In the beginning . . .

Simulations, even in the early days, produced lots of data that needed to be analyzed and visualized. Wilhelmson says that he would create two-dimensional contour plots of his NCAR data that were written to microfilm and mailed to him if he was at Illinois.

“Nobody even thinks of that today,” he laughs. “Decisions were made early on that we were going to do things a little differently at NCSA. We needed new and faster ways.”

This included animating the data using software developed at NCSA. In addition, new ways were developed to communicate scientific results to other researchers and the public. NCSA brought in people from the West Coast who were developing software and animations for commercials and movies. This has led to productions shown in planetariums, in museums, and visualizations in 2D and 3D IMAX films and television documentaries.

“Our thought was, why can’t we use what they are doing and apply it to the data that we’re producing on our supercomputers. And that’s how we proceeded. Software was developed here and when coupled with high-end visualization software in use on the West Coast helped to lead the revolution in scientific visualization at the time. Further, there was a marrying of computing technology on the very large high-performance scale and the computing technology on one’s desktop so that you could actually see and animate these visualizations on a computer screen in three spatial dimensions and time,” says Wilhelmson.

Digital visualization of data produced during a simulation impacted his research. His team already had millions of pieces of data, “and then all of sudden computers get faster and there’s billions and trillions of pieces of data we’re trying to make sense of, both in terms of structure of storms and storm evolution.” What was exciting about NCSA’s approach, he says, was that he could see renderings of the data no matter what its size, and ask questions about it that could be answered quickly with new animations. Today, researchers carry out simulations and produce visual animations directly from the simulation data, which is made available through web browsers.
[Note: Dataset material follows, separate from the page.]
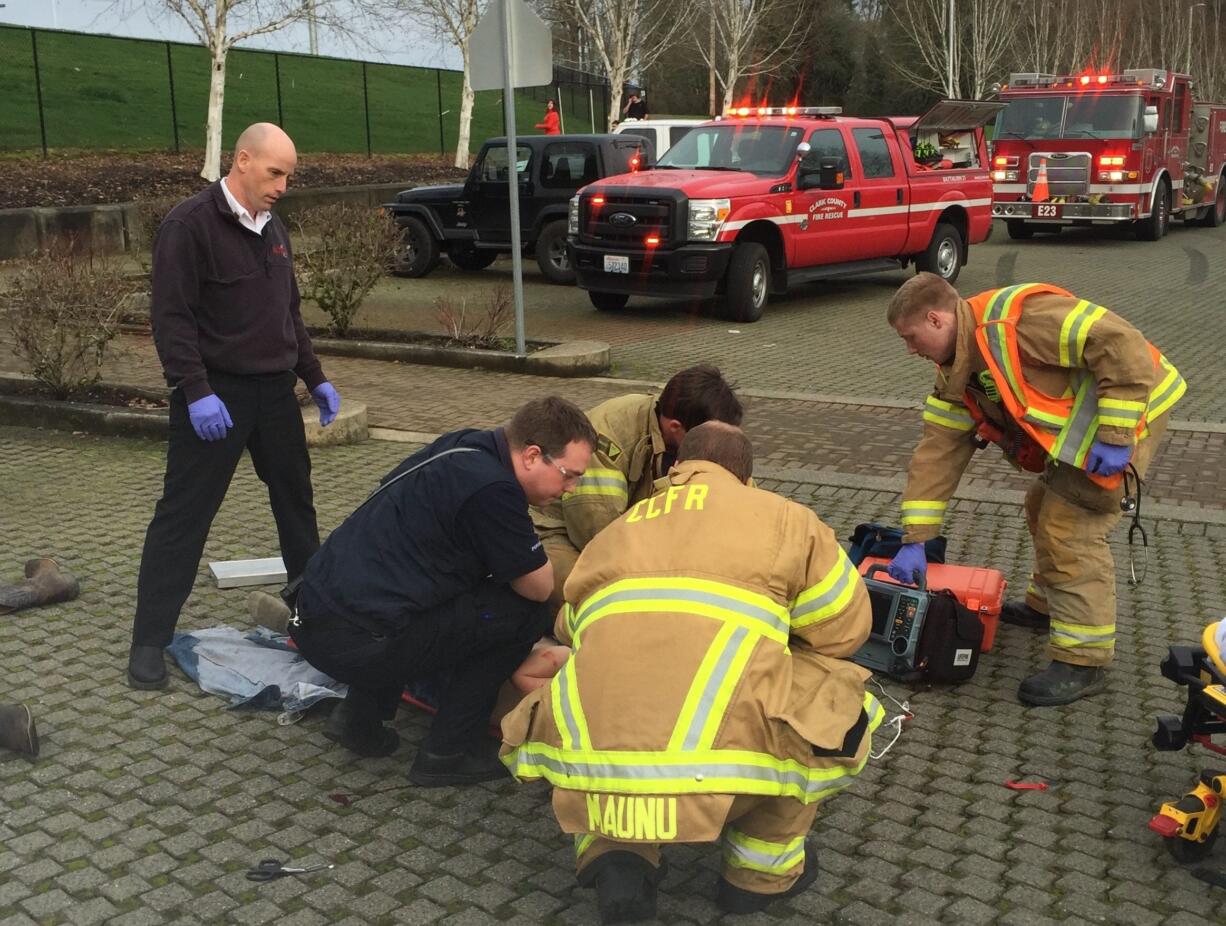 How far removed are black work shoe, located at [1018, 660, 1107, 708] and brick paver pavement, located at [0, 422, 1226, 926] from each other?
69mm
“When we started, there was this ‘I wonder where we’re goin’, but I know we’re not stayin’ where we’re at. We’re goin’ somewhere.’ That was before Facebook, before the Internet as we know it today,” says Wilhelmson. “There was an excitement when we started because we were all packed together in a building, we were young, we had dreams of what we wanted to do, and what NCSA as an organization should be.”
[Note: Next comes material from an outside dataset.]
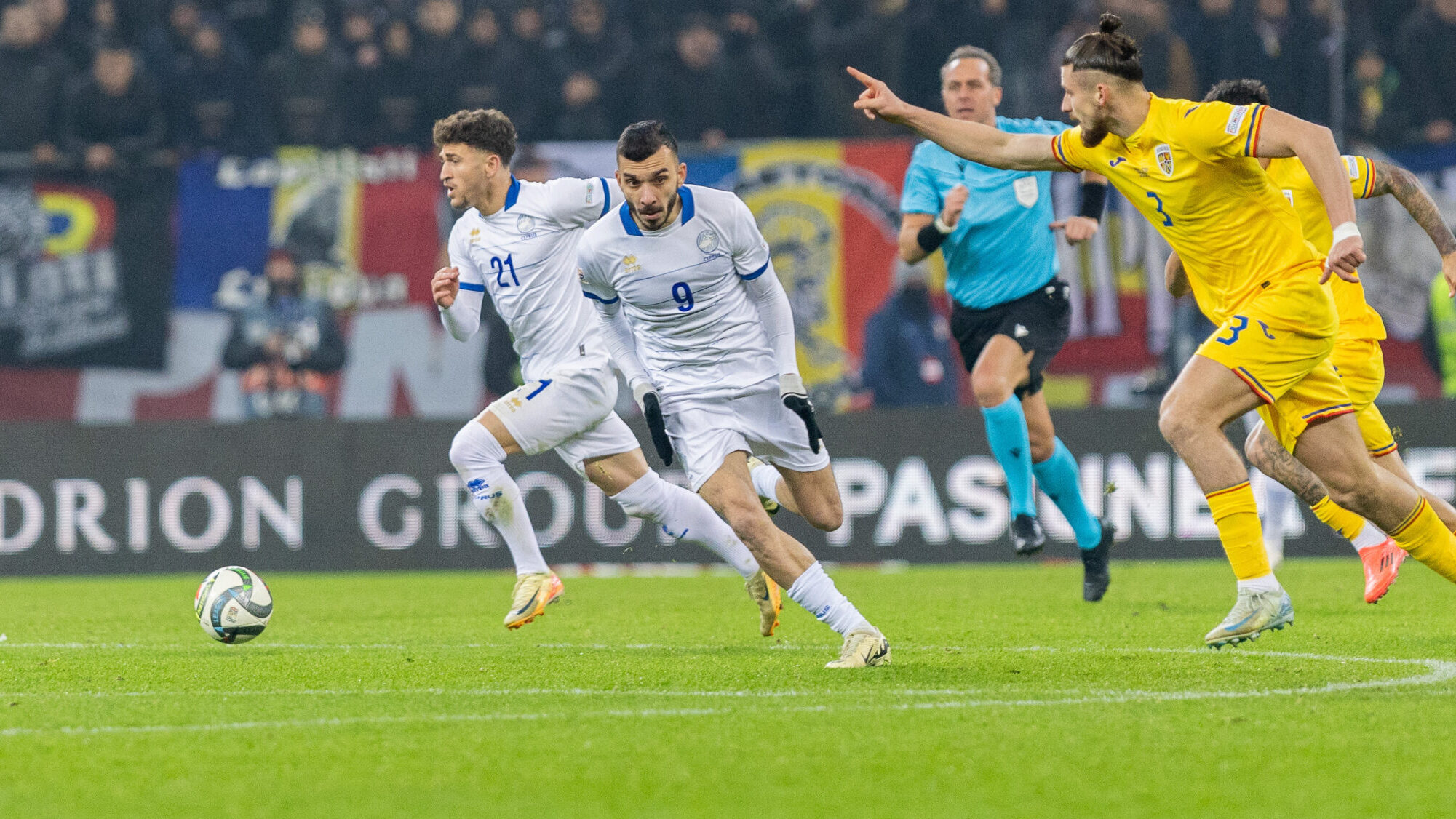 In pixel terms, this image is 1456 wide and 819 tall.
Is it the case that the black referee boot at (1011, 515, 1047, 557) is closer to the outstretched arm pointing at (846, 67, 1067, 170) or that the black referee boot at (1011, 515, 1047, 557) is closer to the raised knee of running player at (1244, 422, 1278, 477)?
the raised knee of running player at (1244, 422, 1278, 477)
The university and NSF didn’t know NCSA was going to be a highly recognized organization 25 years later, he says, but they provided the backing and Illinois had the leadership and the scientists on campus who could carry the idea forward.

“The capability of NCSA is rooted not so much in the hardware—that changes every few years—but in its people,” says Wilhelmson. “It is taking innovative ideas and developing them so that the end user can carry out their research more effectively and answer questions that they only dreamed of answering a few years before.”